Мне кажется… Кто такой «я»? Ничто.
А «они» — ученые. Все языки знают и прочее. В самом деле, может быть санкюлот, профессор и «заработная плата» — венец мудрости?..
Может быть, может быть… Чтобы сказать, надо знать «все языки», а я обладаю одним… Но у меня есть мой бедный вкус, который говорит, что даже горничная Дульцинея, принимаемая за герцогиню Тобосскую{576}, все-таки есть что-то более кровное и более сочное, чем их пыльные диссертации с «истиной». И «роман с горничной» интереснее «разговора с профессором»… В конце концов, или в конце веков, я думаю, и «пролетарии» с этим согласятся.
Когда-нибудь гг. профессоров заколотят в хороший гроб, а пролетарии, горничные, монахи и аббаты, особенно аббатисы и игуменьи, позовут из гроба умершего рыцаря и скажут:
— Давайте
— И строить безумные соборы, и предпринимать ненужные походы как самые нужные.
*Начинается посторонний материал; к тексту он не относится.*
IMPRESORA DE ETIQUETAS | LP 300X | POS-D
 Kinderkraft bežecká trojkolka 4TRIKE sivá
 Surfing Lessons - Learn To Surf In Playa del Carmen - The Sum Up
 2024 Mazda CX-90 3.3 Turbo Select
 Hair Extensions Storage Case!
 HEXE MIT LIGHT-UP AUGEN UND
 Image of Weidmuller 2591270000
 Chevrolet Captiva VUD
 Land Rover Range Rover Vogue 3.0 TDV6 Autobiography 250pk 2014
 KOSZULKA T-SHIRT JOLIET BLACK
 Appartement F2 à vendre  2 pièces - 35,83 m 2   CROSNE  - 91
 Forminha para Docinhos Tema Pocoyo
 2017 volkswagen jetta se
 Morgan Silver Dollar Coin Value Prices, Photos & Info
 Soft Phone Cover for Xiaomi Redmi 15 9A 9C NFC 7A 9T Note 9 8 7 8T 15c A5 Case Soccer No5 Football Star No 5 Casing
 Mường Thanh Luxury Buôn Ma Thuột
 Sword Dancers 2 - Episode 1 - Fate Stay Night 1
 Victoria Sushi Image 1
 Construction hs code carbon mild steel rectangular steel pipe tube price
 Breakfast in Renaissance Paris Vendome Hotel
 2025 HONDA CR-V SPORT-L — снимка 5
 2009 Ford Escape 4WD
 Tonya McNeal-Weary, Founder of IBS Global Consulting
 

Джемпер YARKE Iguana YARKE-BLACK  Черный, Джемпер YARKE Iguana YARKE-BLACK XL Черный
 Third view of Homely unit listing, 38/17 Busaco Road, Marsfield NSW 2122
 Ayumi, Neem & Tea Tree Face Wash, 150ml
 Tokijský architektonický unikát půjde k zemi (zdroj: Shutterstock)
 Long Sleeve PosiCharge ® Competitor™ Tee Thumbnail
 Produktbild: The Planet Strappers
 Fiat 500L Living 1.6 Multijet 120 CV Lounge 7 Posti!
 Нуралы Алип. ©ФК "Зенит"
Рациональность — конечно, в разуме. Но мудрость всегда немножко сумасшедшая. Потому-то она должна быть смела, — и потому, что она должна быть прекрасна, и потому, что она должна творить, т. е. видеть, гореть, а не только «продолжать существование», к чему способен даже профессор…
Впервые:
ИЗ ЗАПИСНОЙ КНИЖКИ РУССКОГО ПИСАТЕЛЯ
(9 января 1900 года)
Замечательно, что театральные представления не развились и даже не начинались нигде на Востоке. С чем это связать? к какой непременной черте Востока привязать эту непременную его неспособность к театру, недогадливость о театре{577}?
Театр есть чужая роль «маски», и «маски», которые я надеваю без всякого щекотания моего «я». Мне не неудобно в маске, потому что моя собственная личность недостаточно ярка и определенна. «Маска» в этом случае меня не душит. Нельзя себе представить Лира, играющего на сцене чужую роль. Лир играет только себя. Дочери его могут играть других; Гамлет — тоже может. Но, напр[имер], Отелло опять нельзя представить «играющим». Просто «не вышло бы», роль бы «не удалась», да и он «не взял бы роли». Итак, есть люди, абсолютно неспособные к актерству, и есть возможные актеры, есть гениальные актеры. Он — просит маску, он — томится по маске. Маска — это «что-нибудь», тогда как его «я» — ничто или очень маленькое; зыбкое, неопределенное; изредка — дурное.
Замечательно, что актеры никогда не бывают творцами. Кому бы и писать комедии и трагедии, как не им, которые плывут в море комедийного и трагического; но этого — нет. Почему бы? Творчество, очевидно, есть сила и яркость «я», льющаяся через край; а у актеров «до края» не доходит. Далее, для написания трагедии или комедии нужно в высшей степени заинтересоваться жизнью, полюбить в ней сцену, события, привязаться к человеку, но актер не может привязаться и ему нечем полюбить. Я наблюдал, что актеры — поразительно холодные, равнодушные люди.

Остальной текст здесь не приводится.